Goal of the exercise =>
Would you please repeat, word for word, only the lines from the one holding "Rochie de dama" through the one holding "Paisaje con monta&ntilde;as" in the material below, without the pictures?

Provided data =>
● ● ● ●
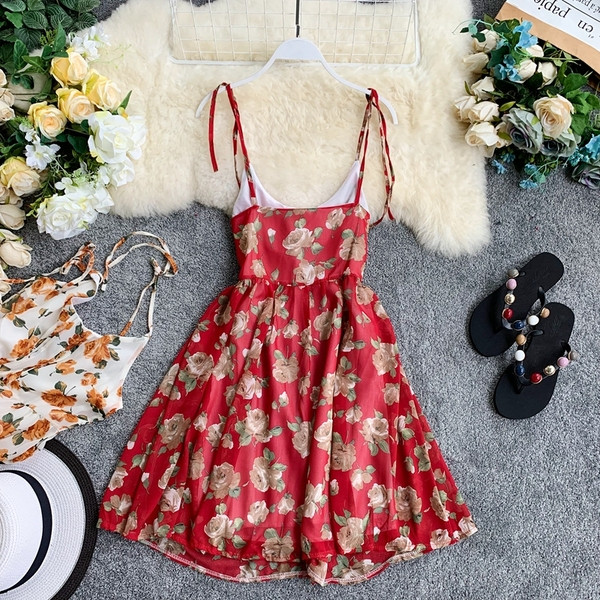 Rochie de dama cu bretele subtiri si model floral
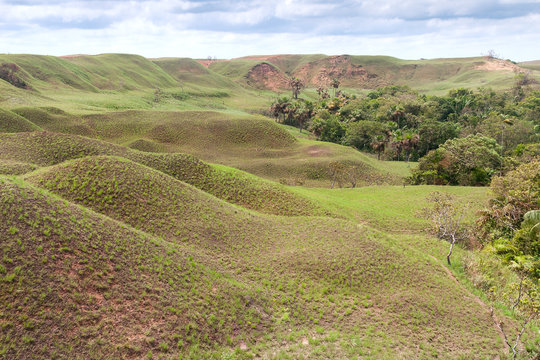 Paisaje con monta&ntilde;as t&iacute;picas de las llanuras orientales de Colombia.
● ● ● ●
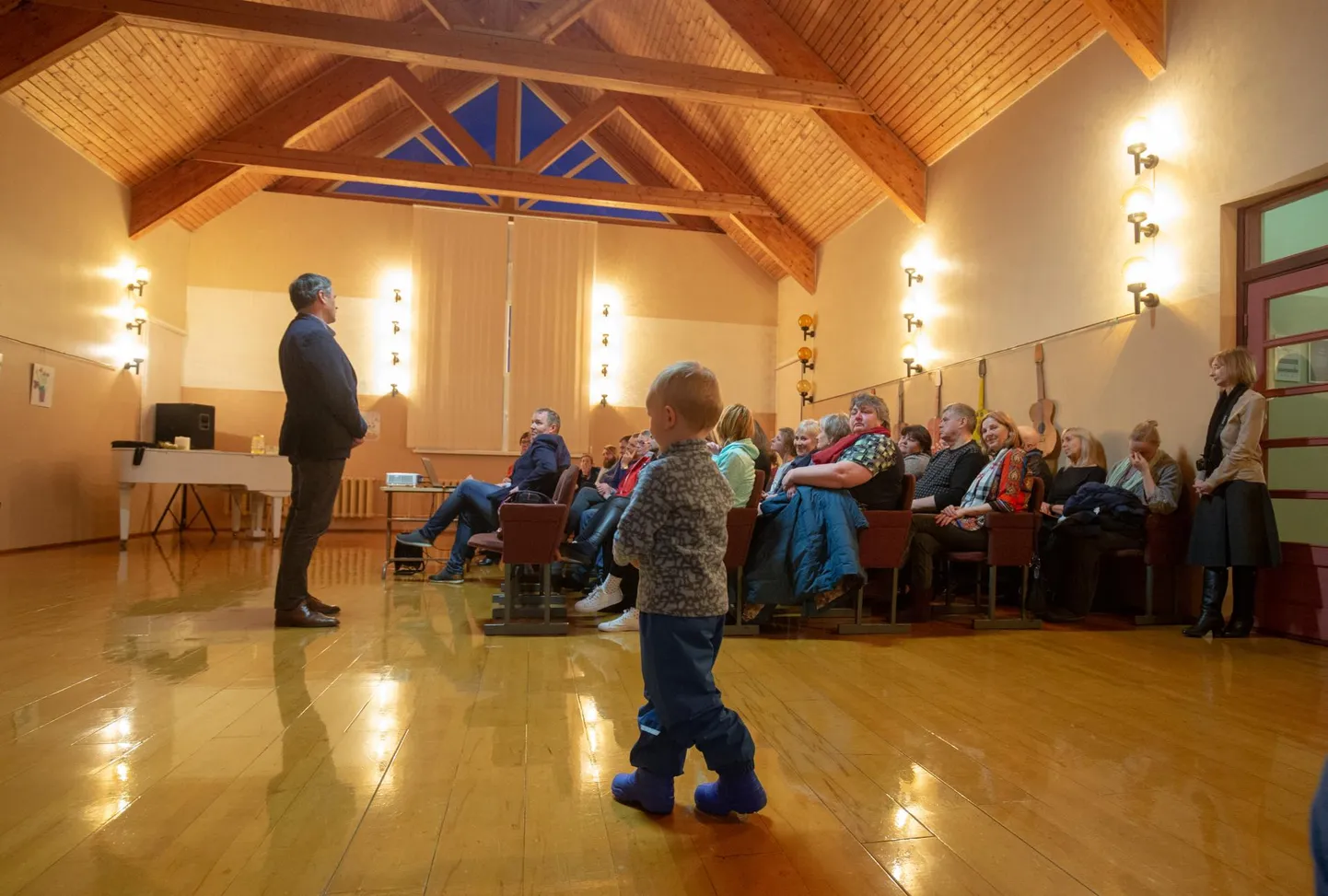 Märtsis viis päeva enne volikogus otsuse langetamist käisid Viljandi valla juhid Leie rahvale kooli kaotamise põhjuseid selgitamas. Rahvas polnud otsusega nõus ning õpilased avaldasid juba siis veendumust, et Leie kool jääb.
● ● ● ●
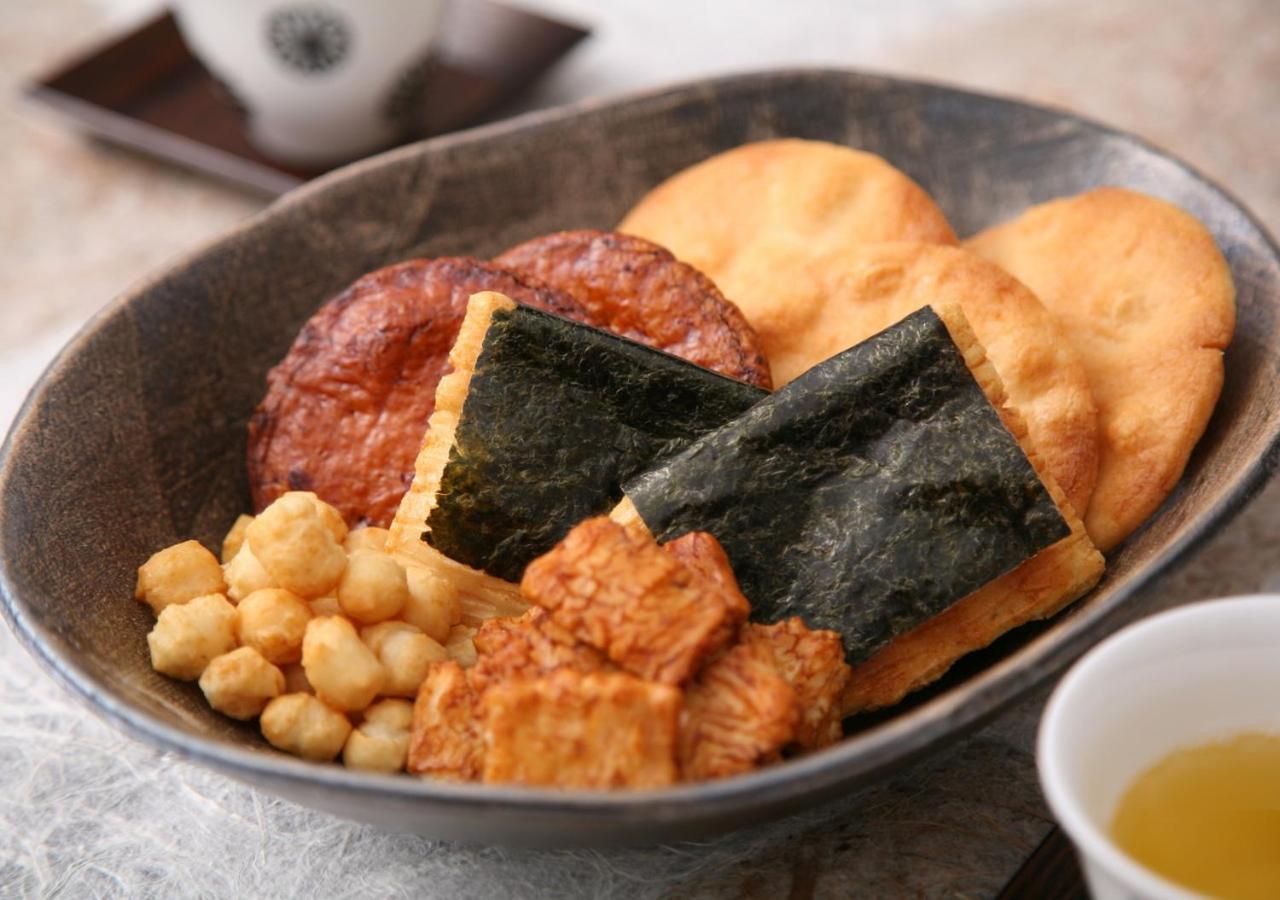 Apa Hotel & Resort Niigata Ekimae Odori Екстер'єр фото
● ● ● ●
Output of the task =>
 Rochie de dama cu bretele subtiri si model floral
 Paisaje con monta&ntilde;as t&iacute;picas de las llanuras orientales de Colombia.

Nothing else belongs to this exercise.